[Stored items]
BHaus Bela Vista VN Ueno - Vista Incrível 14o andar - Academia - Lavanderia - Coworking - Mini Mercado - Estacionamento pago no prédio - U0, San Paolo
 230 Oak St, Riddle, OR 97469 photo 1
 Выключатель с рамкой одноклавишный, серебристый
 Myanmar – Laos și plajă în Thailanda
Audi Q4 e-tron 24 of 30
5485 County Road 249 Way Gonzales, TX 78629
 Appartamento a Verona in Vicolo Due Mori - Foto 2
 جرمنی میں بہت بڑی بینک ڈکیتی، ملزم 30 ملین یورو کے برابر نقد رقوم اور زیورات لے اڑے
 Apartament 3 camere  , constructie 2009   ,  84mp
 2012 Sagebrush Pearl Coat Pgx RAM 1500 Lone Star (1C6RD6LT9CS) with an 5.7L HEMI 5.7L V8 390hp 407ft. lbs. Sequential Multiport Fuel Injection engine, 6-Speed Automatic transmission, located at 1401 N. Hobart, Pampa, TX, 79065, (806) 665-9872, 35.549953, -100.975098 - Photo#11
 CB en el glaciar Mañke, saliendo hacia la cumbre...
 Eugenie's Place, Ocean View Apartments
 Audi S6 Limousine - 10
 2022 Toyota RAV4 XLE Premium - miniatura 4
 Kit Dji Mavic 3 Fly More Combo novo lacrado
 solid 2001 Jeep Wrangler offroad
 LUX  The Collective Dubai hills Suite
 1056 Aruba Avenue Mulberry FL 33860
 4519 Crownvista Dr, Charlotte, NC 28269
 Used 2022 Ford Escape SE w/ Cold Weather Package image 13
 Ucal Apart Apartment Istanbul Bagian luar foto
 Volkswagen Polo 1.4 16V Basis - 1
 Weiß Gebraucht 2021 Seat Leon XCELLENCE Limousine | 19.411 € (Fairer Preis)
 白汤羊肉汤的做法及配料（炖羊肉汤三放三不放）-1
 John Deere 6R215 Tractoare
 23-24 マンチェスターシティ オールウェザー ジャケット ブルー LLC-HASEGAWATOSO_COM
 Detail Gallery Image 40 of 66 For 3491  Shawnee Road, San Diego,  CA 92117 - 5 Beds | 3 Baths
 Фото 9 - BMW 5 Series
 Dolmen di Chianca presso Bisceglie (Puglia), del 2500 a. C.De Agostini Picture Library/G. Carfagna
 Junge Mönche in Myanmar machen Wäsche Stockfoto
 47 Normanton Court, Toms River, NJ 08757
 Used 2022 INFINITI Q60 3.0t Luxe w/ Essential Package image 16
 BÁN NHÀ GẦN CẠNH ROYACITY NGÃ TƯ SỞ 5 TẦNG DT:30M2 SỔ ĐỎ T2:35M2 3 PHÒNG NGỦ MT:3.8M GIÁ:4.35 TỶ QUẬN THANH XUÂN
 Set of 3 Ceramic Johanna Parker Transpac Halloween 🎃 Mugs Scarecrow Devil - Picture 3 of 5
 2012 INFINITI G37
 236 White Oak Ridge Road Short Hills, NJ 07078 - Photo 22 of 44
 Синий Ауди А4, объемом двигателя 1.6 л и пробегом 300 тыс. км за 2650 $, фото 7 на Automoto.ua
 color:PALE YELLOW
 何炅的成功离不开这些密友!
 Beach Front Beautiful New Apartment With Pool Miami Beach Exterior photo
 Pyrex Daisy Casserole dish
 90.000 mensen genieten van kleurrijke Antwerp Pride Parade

■ **THE TASK**: Look above for the line containing "236 White Oak", then transcribe it and all lines after it through the last, exactly and with nothing else.

■ **RESPONSE TO THIS TASK**:
 236 White Oak Ridge Road Short Hills, NJ 07078 - Photo 22 of 44
 Синий Ауди А4, объемом двигателя 1.6 л и пробегом 300 тыс. км за 2650 $, фото 7 на Automoto.ua
 color:PALE YELLOW
 何炅的成功离不开这些密友!
 Beach Front Beautiful New Apartment With Pool Miami Beach Exterior photo
 Pyrex Daisy Casserole dish
 90.000 mensen genieten van kleurrijke Antwerp Pride Parade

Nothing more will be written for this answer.